The agency created under this grant was named the Kentucky Peace Officer’s Standards and Training Council. This agency conducted experimental courses in cooperation with the Federal Bureau of Investigation, Kentucky State Police, Lexington Police Department and the Eastern Kentucky University School of Law Enforcement. The first course was conducted in July 1968 and was a management level course. The first Basic Training course was a three week course conducted in July 1969.

A bill to make the Peace Officer’s Standards and Training Council a state agency and police training mandatory was introduced in the 1968 session of the General Assembly. The bill that was passed established the Kentucky Law Enforcement Council (KLEC) as a state agency but kept training on a voluntary basis.

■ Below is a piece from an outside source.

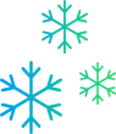 snowy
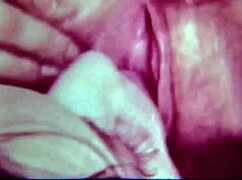 Vintage lezzies with hairy beavers lick in 1950s vs 1960s blue films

Eastern Kentucky University continued to provide office and training facilities to the agency.

In July 1972 the Kentucky Law Enforcement Foundation Program Fund (KLEFPF) was established by the legislature. This fund provided a pay incentive to municipal and county police officers whose agencies adopted the established KLEFPF standards to include sending all full-time officers for training. Sheriffs, their deputies and all other law enforcement agencies not specifically named in the statute were excluded from the KLEFPF. However, training was made available to them.

The training programs proved to be successful and the Basic Training courses increased from three weeks to four weeks, then six weeks and finally to ten weeks.

In 1973 Governor Wendell Ford issued an Executive Order (later confirmed by the Legislature) which reorganized state government and established a Kentucky Department of Justice headed by a Secretary of Justice.

The Department of Justice was comprised of three bureaus: the Bureau of State Police, the Bureau of Corrections and the Bureau of Training (presently the Department of Criminal Justice Training). The Kentucky Law Enforcement Council staff members who conducted the training courses comprised the Bureau of Training. Mr. Robert C. Stone was named the first Commissioner. The remaining Kentucky Law Enforcement Council Staff became the advisory and certifying agency for law enforcement training in Kentucky.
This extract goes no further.